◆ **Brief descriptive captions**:
=== Section Start ===

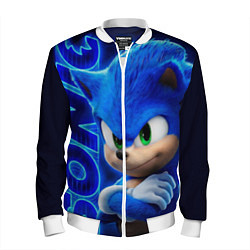 Бомбер мужской SONIC, цвет: 3D-белый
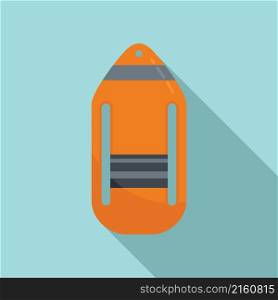 Lifeguard buoy icon flat vector. Beach life. Rescue guard. Lifeguard buoy icon flat vector. Beach life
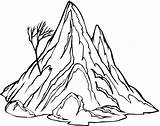 Mountain Coloring Pages Kids Printable Huge Everest sketch template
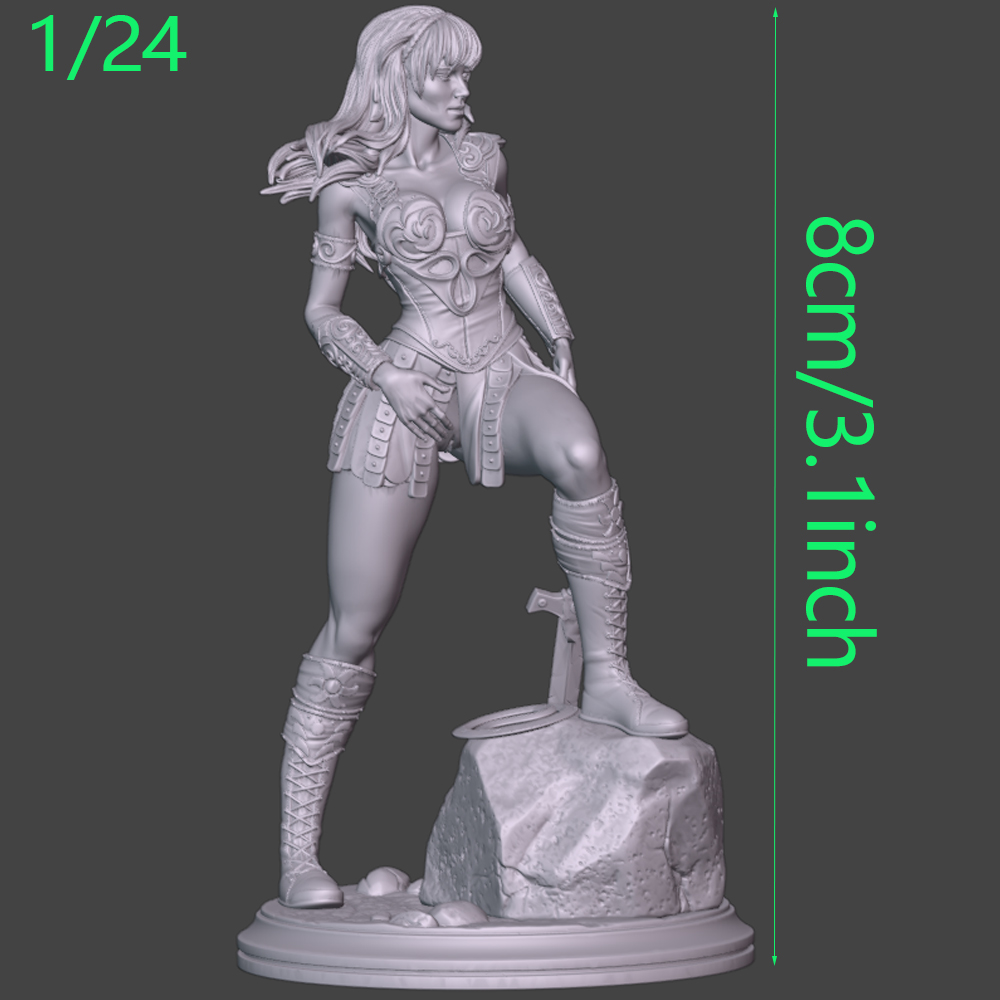 1/24 Medieval Sexy Warrior Min - Vintage Game Collection avaliação e preço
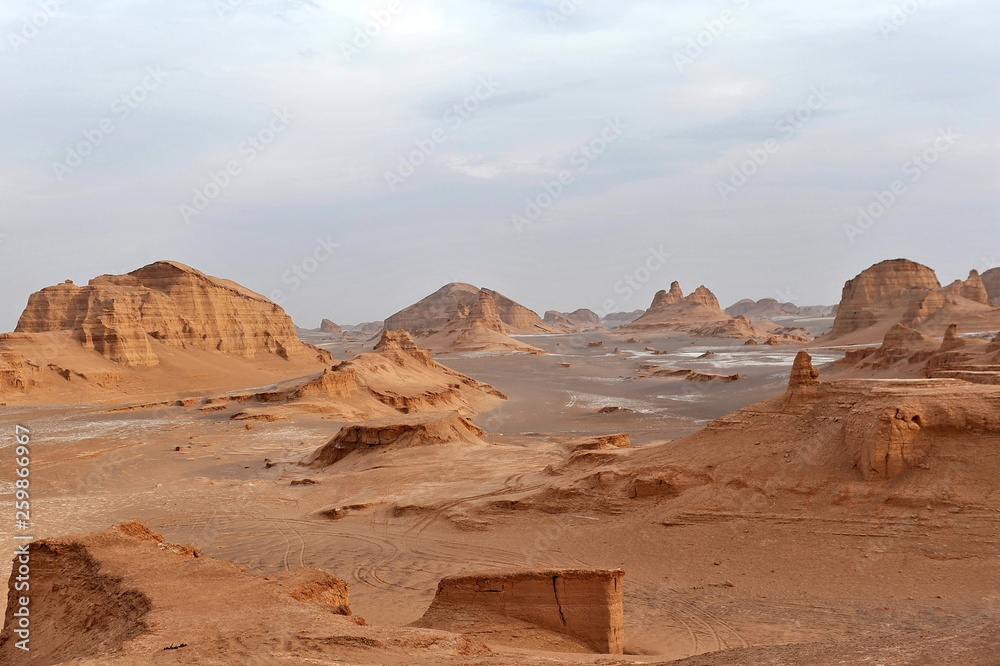 Fototapeta premium Martian landscapes of the planet Earth.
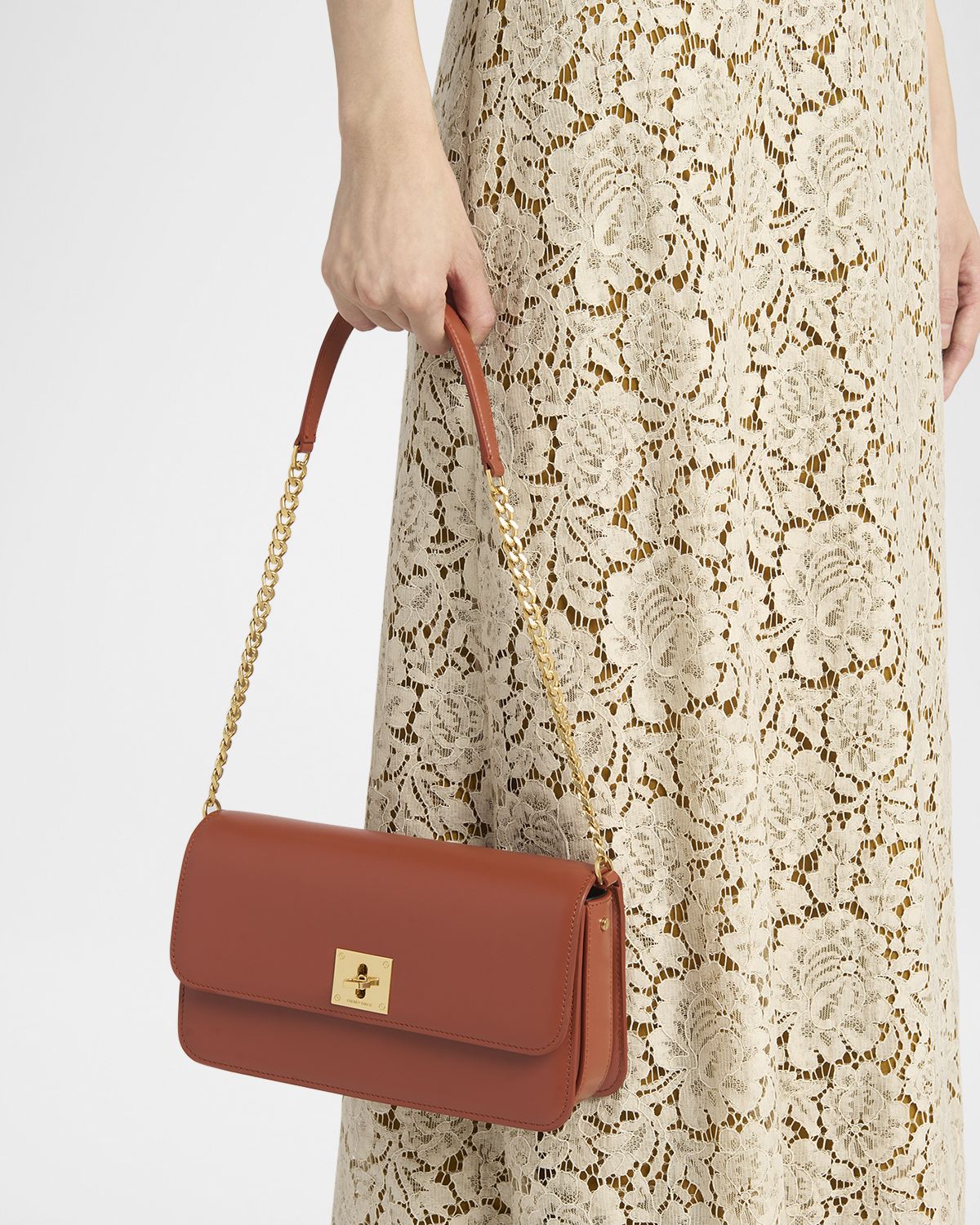 Golden Goose Gioia Flap Leather Shoulder Bag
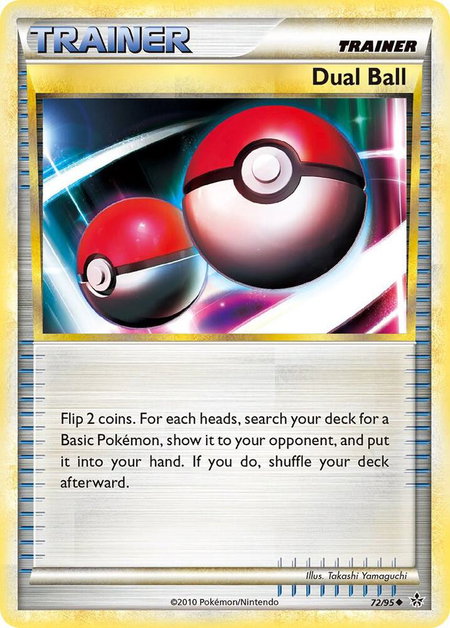 Dual Ball - Unleashed Pokémon trading card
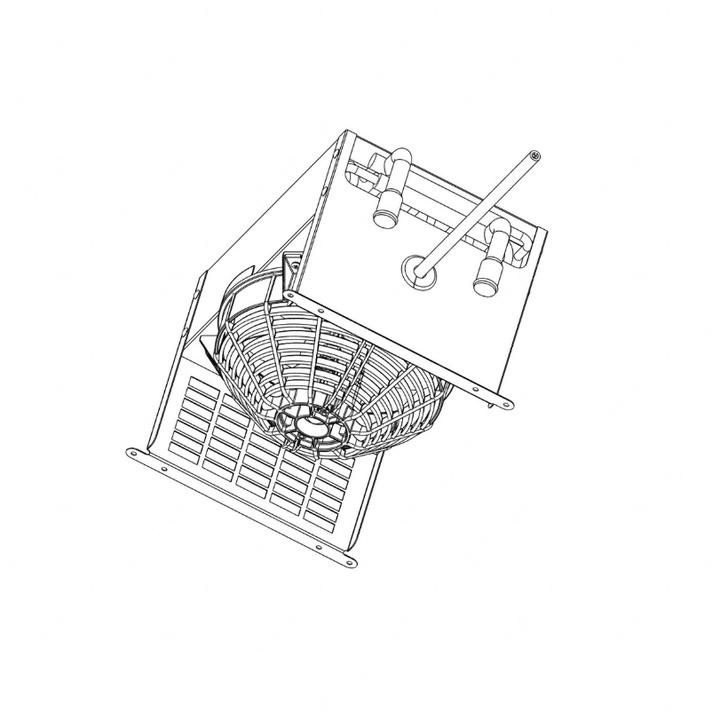 TBB 182520 UNDERSEAT HEATER, 50,000 BTU, BERGSTROM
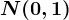 N(0,1)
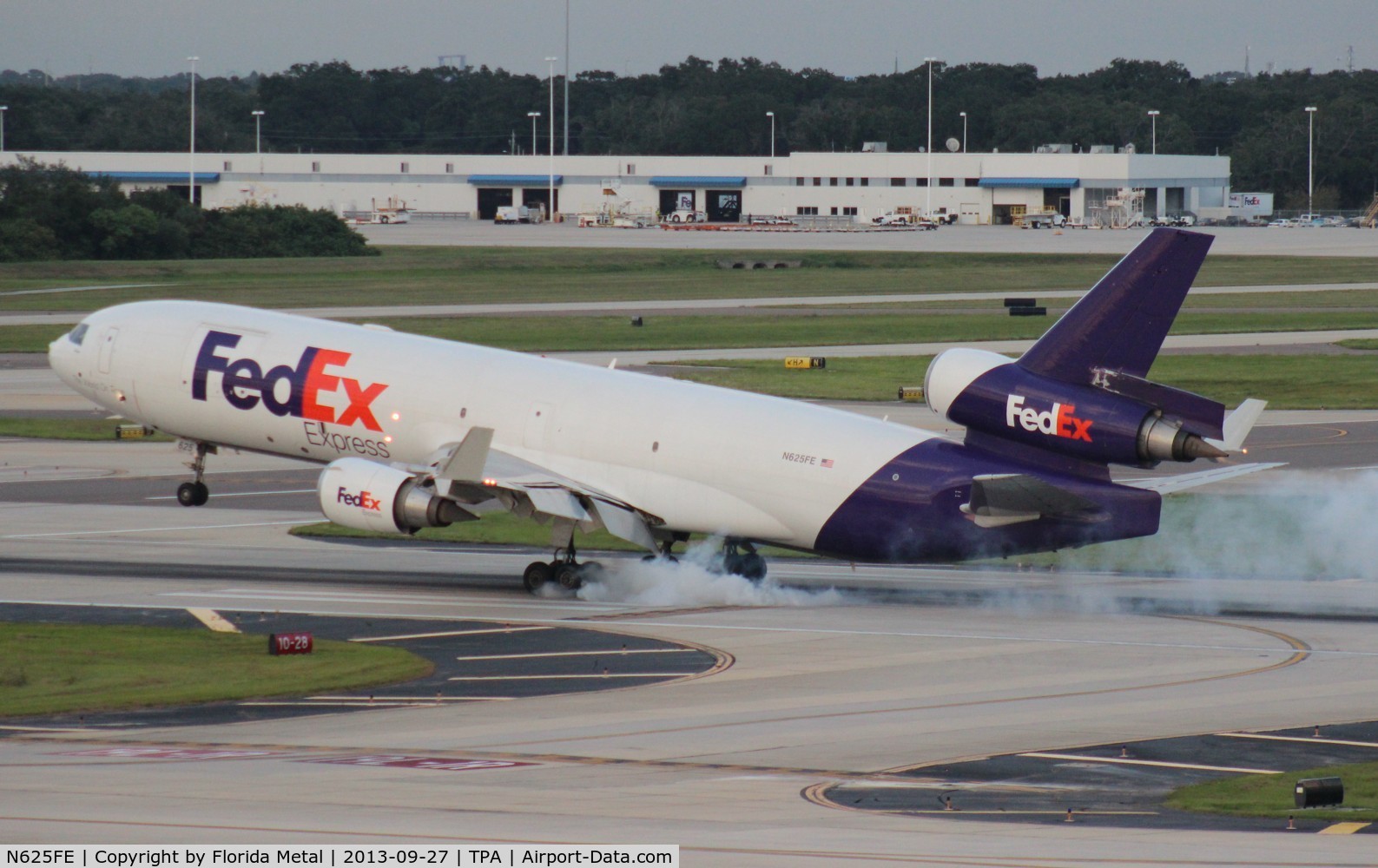 N625FE, 1996 McDonnell Douglas MD-11F C/N 48753, Fed Ex MD-11F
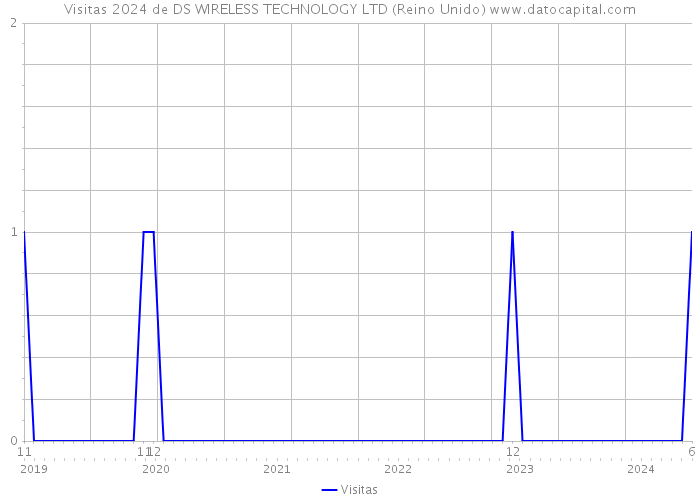 Visitas 2024 de DS WIRELESS TECHNOLOGY LTD (Reino Unido) 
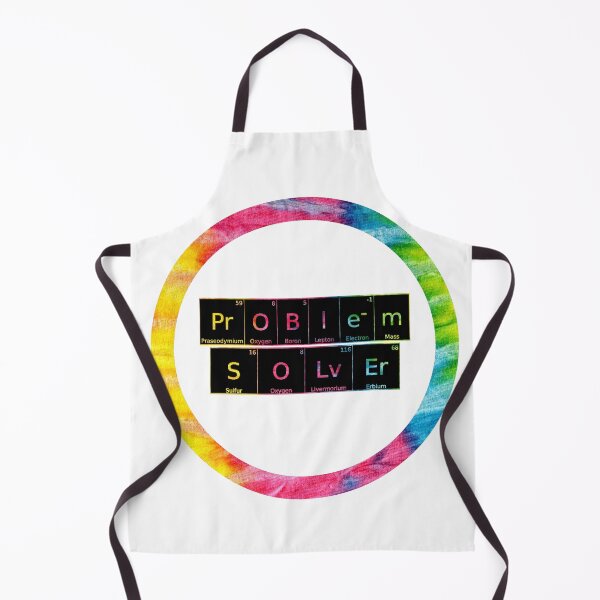 Item preview, Problem Solver written in Chemistry Periodic Table Elements on white background  designed and sold by UncleStuScience.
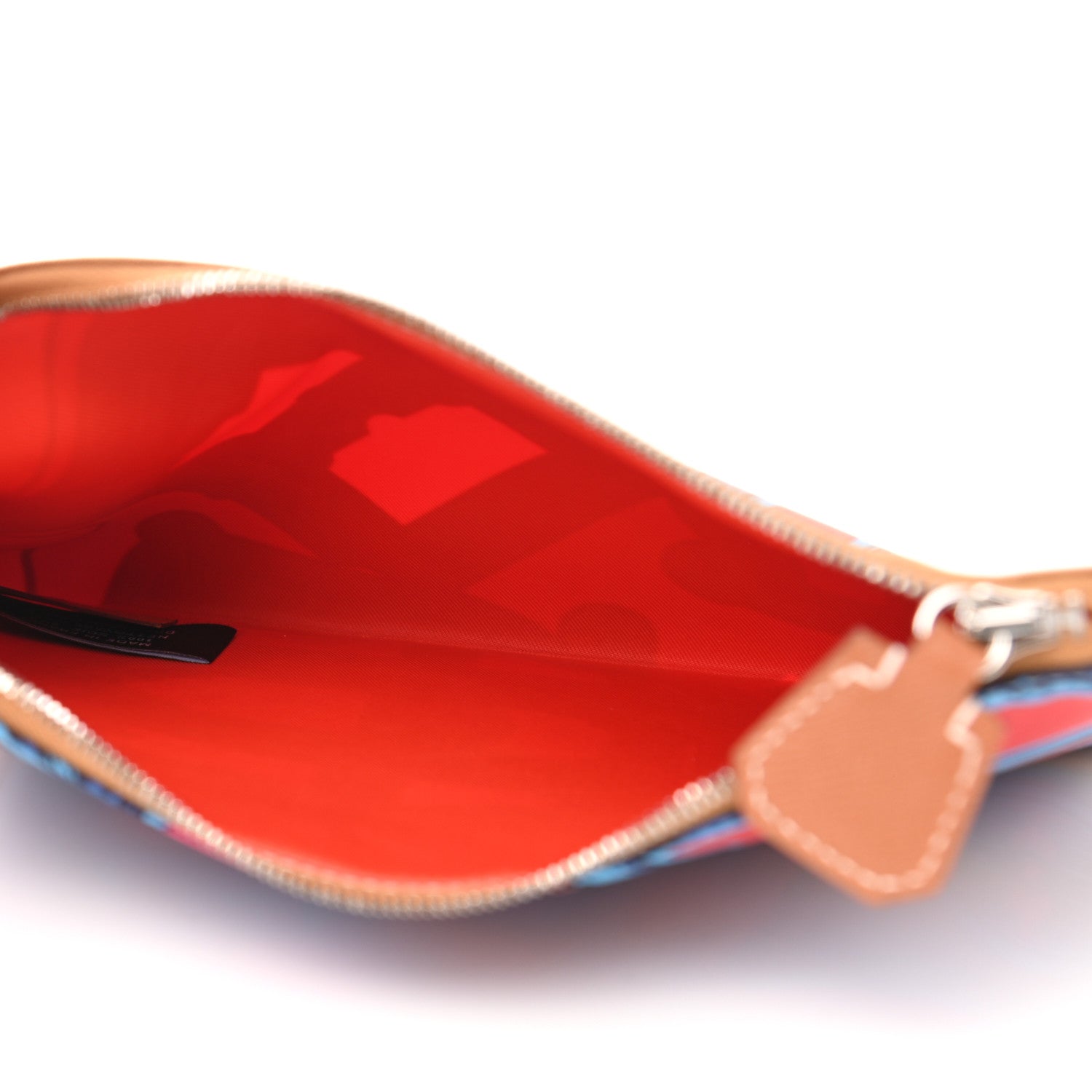 Hermes Technical SilkMadame Calfskin Les Berlines Silky Pocket Cosmetic Case Caramel Cuivre Gold 5 of 8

=== Section End ===

◆ **What is being asked**: Go through the data above and print exactly the lines from its first line through the line holding "Fototapeta premium Martian", both included, leaving pictures aside.

◆ **Result**:
 Бомбер мужской SONIC, цвет: 3D-белый
 Lifeguard buoy icon flat vector. Beach life. Rescue guard. Lifeguard buoy icon flat vector. Beach life
 Mountain Coloring Pages Kids Printable Huge Everest sketch template
 1/24 Medieval Sexy Warrior Min - Vintage Game Collection avaliação e preço
 Fototapeta premium Martian landscapes of the planet Earth.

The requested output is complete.